Und dann gibt es da noch zu 10,1 Prozent die SGI RE Deutschland Holding GmbH. Hier ist der Weg deutlich kürzer. Zu 74 Prozent gehört die SGI RE Deutschland Holding GmbH der Stonebird Foundation. Was klingt wie eine Stiftung für den guten Zweck, beschreibt die Stiftung Warentest als „intransparente Eigentümerstruktur“ der Holding, die in mehreren Liechtensteinern Stiftungskonstruktionen verankert sei. Tatsächlich hat die Stiftung ihren Sitz in der Liechtensteiner Hauptstadt Vaduz.

Die DEGAG-Insolvenz

Seit Januar 2025 befindet sich zudem die DEGAG Deutsche Grundbesitz Holding AG in einem Insolvenzverfahren. Über 6000 Anleger kauften sogenannte Genussrechte und erhielten dafür Zinsen zwischen sechs und neun Prozent. Das Geschäftsmodell der Gruppe mit Sitz in Hamburg war es, in die Jahre gekommene Wohnblöcke mit hoher Leerstandsquote zu kaufen, wie bei den Immobilien am Hackländer Platz in Dortmund.

Ursprünglich gehörte zum Geschäftsmodell auch, dass die Häuser saniert, die Wohnungen vermietet und die Immobilien danach weiterverkauft werden. Insgesamt 5000 Wohnungen sollen zu dem Portfolio der DEGAG gehören, darunter auch die in Dortmund. Nach Auskünften der Stadt Dortmund befinden sich rund 120 Wohneinheiten im Besitz der DEGAG. Ende Dezember erreichte die Anleger der DEGAG die Nachricht, dass die Zinszahlungen bis auf Weiteres ausgesetzt werden.

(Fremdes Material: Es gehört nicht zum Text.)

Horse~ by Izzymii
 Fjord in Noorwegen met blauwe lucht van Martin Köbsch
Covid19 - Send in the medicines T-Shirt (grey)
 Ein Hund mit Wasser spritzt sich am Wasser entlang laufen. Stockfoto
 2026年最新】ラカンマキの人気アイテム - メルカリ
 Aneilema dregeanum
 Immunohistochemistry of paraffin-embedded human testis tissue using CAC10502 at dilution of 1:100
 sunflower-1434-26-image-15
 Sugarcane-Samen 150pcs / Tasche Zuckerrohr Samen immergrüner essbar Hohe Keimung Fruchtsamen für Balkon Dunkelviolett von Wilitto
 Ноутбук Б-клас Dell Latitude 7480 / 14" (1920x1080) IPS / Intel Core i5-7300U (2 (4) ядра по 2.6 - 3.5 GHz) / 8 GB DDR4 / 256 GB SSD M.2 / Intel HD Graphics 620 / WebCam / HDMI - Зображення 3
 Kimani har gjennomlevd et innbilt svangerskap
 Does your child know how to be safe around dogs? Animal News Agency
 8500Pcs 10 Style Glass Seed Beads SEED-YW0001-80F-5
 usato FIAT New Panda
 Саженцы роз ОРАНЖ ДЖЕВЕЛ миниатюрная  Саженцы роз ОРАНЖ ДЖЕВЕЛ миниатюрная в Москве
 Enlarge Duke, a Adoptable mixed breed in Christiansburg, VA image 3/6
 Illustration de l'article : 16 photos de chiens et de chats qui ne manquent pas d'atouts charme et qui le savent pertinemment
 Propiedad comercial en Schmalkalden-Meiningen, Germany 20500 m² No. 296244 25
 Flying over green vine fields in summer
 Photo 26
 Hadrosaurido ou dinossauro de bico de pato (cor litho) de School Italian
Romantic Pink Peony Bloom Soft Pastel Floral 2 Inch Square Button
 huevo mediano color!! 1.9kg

Unter dem weißen Pulver und dem Papier befindet sich menschlicher Kot.
Unter dem weißen Pulver und dem Papier befindet sich menschlicher Kot. © Dennis Pesch

Im August setzte zudem die Stiftung Warentest die DEGAG auf eine sogenannte Warnliste für „Unseriöse Firmen und Finanzprodukte“. In den vergangenen Wochen hat sich dann auch das Amtsgericht Hameln in Niedersachen in einer Reihe von Insolvenzverfahren mit den BEVO-Gesellschaften beschäftigt. Für 13 Gesellschaften mit dem Namen „BEVO DE Alpha“ liegen Insolvenzanträge vor, für die das Amtsgericht Hameln einen vorläufigen Insolvenzverwalter bestellte.

Besuch der Bauministerin vor zwei Jahren

Schon vor zwei Jahren war die NRW-Bauministerin Ina Scharrenbach (CDU) an der Münsterstraße zu Besuch und sagte: „Was wir vor Ort gesehen haben, war erschreckend.“ Seitdem wurden den Anlegern der DEGAG noch bis Dezember 2024 Zinsen ausgezahlt. Zeitgleich stritt die Wohnungsaufsicht der Stadt Dortmund längst über Monate mit der BEVO-Gesellschaft über die Instandhaltung der Wohnungen am Hackländer Platz.

Das Unheil hat sich aus Sicht der Mieter in der Münsterstraße 200 – 204, der Uhlandstraße 149e, 149, 151 und an der Weißenburger Straße 8 über die Jahre immer weiter verschlimmert. Manche Bewohner, die dort seit über 20 Jahren wohnen, schämen sich so sehr, dass sie nicht öffentlich über die Zustände reden wollen und kaum noch Besuch bekommen.

Zudem stehen die Insolvenzverfahren gerade erst am Anfang. Als vorläufiger Insolvenzverwalter wurde der Rechtsanwalt Rainer Eckert bestellt. Damit führt der nun auch die Geschäfte und verwaltet das Vermögen der DEGAG und seiner Tochtergesellschaften. Mit der Insolvenzanmeldung könnte sich für die Mieter am Hackländer Platz, in der Weißenburger Straße und am Sadelhof künftig etwas an den künftigen Eigentümern ändern. Doch was genau, das ist noch völlig unklar.